Dataset records
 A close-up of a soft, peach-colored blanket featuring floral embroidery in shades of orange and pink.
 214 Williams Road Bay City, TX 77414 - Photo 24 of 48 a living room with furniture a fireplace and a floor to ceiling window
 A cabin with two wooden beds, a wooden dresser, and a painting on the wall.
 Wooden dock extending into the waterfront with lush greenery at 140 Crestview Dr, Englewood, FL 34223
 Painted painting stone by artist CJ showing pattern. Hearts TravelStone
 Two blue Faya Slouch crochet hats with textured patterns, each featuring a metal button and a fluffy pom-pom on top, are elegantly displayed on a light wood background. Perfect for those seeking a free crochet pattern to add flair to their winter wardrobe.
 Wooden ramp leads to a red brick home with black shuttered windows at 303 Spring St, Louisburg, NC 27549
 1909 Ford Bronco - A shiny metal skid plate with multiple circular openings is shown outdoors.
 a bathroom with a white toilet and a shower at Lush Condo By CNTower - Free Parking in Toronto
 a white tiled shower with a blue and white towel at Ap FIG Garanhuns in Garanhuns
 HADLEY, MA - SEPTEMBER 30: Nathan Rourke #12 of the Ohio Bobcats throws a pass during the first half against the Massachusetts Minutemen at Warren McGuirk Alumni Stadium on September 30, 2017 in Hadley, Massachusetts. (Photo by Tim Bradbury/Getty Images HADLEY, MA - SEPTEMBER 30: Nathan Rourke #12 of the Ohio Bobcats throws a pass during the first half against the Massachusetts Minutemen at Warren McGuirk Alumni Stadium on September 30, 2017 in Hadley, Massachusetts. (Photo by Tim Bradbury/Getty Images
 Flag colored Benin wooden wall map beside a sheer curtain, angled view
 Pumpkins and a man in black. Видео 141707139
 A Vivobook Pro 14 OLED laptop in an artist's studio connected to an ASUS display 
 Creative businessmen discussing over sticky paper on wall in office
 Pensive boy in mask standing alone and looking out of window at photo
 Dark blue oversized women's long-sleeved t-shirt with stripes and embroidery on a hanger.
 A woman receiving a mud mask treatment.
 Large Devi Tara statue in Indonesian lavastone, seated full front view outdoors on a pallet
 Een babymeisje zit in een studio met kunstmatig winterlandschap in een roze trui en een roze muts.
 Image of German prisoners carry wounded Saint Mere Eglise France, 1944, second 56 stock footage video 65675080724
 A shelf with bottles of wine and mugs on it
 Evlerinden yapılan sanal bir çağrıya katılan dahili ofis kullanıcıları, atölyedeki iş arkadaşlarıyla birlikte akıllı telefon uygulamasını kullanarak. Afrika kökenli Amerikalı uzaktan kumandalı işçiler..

What the task asks
All lines in the listing above that contain "blue" should be shown.

Response for this exercise
 Two blue Faya Slouch crochet hats with textured patterns, each featuring a metal button and a fluffy pom-pom on top, are elegantly displayed on a light wood background. Perfect for those seeking a free crochet pattern to add flair to their winter wardrobe.
 a white tiled shower with a blue and white towel at Ap FIG Garanhuns in Garanhuns
 Dark blue oversized women's long-sleeved t-shirt with stripes and embroidery on a hanger.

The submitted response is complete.